### What this task involves
From the entries below, please output exactly the lines starting at the one containing "TRIEUR EXACOMPTA HARMONIKA" and ending at the one containing "Watercolor Floral Mesh Shirt Collar Blouse", both included.
*** Data extracts ***
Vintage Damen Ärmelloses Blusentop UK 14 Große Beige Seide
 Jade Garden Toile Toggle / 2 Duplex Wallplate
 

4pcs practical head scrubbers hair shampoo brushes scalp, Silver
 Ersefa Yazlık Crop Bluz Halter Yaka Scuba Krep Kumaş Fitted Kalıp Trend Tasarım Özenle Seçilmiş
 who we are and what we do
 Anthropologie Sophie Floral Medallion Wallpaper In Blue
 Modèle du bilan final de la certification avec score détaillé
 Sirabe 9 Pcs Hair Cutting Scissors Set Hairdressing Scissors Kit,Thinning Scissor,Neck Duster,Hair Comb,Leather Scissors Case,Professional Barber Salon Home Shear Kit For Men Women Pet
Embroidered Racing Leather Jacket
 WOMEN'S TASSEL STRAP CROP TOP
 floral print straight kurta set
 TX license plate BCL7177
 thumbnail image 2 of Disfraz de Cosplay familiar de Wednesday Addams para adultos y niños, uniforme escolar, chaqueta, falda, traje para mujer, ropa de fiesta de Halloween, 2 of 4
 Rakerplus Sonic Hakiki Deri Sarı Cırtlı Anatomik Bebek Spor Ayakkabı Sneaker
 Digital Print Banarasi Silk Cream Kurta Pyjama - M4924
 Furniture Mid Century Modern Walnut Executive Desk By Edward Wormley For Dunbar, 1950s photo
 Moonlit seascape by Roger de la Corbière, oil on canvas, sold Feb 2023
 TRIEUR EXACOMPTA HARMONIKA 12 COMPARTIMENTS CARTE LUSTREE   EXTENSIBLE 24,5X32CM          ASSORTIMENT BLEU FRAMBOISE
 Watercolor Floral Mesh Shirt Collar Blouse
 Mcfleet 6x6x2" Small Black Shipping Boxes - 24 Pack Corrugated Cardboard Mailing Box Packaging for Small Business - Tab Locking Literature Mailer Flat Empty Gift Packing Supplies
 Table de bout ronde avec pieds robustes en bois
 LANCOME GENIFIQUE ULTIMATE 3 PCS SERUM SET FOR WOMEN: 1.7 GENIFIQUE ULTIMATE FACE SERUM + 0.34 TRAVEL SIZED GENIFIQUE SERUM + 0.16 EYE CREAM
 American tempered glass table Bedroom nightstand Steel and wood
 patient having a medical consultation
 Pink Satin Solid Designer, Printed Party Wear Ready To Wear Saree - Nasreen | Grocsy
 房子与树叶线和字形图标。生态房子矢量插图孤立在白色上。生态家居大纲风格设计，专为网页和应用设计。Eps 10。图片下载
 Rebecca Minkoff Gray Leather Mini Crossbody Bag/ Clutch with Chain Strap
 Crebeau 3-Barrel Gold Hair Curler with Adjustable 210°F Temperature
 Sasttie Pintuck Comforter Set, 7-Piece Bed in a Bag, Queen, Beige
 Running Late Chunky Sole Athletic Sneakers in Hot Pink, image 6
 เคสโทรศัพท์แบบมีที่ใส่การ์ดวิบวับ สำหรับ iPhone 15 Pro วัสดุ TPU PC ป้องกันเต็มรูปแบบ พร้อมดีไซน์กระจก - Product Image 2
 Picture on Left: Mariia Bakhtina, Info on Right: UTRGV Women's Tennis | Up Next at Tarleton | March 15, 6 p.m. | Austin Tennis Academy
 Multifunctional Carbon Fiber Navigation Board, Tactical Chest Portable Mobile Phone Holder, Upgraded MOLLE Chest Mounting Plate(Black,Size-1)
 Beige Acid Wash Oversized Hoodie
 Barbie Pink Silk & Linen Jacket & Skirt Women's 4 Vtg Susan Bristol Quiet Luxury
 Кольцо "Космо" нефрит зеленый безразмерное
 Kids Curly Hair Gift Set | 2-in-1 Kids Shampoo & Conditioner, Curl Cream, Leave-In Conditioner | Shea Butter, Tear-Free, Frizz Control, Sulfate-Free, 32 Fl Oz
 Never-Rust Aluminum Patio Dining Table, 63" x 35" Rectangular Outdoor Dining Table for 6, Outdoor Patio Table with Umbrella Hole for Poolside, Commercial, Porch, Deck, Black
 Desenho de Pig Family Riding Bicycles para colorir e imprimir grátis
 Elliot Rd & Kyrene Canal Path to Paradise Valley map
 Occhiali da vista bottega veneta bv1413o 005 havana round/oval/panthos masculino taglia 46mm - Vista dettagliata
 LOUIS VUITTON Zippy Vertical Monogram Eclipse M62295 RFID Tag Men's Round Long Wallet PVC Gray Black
***
### Completed exercise
 TRIEUR EXACOMPTA HARMONIKA 12 COMPARTIMENTS CARTE LUSTREE   EXTENSIBLE 24,5X32CM          ASSORTIMENT BLEU FRAMBOISE
 Watercolor Floral Mesh Shirt Collar Blouse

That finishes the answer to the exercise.